Data Local Machine Learning

Mar 8, 2023

Data is slow and expensive to move around. What if we moved our compute local to our data? Running functions, containers, and other jobs right next to where the data is stored? What's been tried, and where things go from here.

Integrated compute over a distributed object store (Manta). The earliest cloud-native version of this that I've seen is Manta from Joyent, which was started back in 2011. The insight was from Bryan Cantrill (Sun, dtrace, Joyent, Oxide) that Solaris Zones (a precursor to modern containers) could provide isolation over object stores. Unfortunately, the idea was probably ahead of its time. Docker containers were based on Linux containers (not Solaris Zones), and Kubernetes and public clouds took the lead on object storage.

There are user-defined functions (UDFs) in Snowflake that can be written in Python, Java, or JavaScript. UDFs have existed in databases for nearly as long as database technology, but more recently, they have been supported in languages other than SQL. But, again, the benefits of calling your function close to the data are almost outweighed by the awkwardness of defining and calling your function in SQL.

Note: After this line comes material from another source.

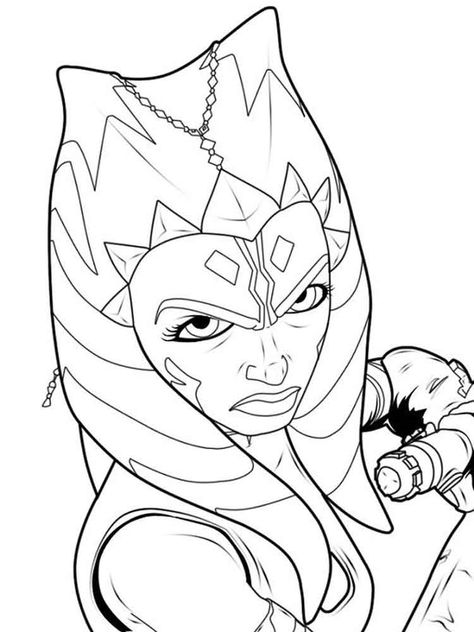 Star Wars Coloring Sheet, Star Wars Coloring Book, Star Wars Colors, Star Wars Ahsoka, Star Wars Drawings, Star Wars Kids, Ahsoka Tano, Cartoon Coloring Pages, Disney Coloring Pages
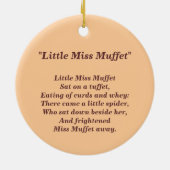 "Little Miss Muffet" Keramik Ornament (Hinten)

Another strategy is implementing machine learning at the database layer. BigQuery ML, MindsDB, and, more recently, PostgresML are all examples of this. This means that data analysts and data scientists can directly call models from SQL. Usually, that means quicker latency and less boilerplate with shifting data around. The downside is that SQL isn't great for procedural logic. For example, cleaning data, experimenting, and visualizing data are often hard or impossible directly in SQL.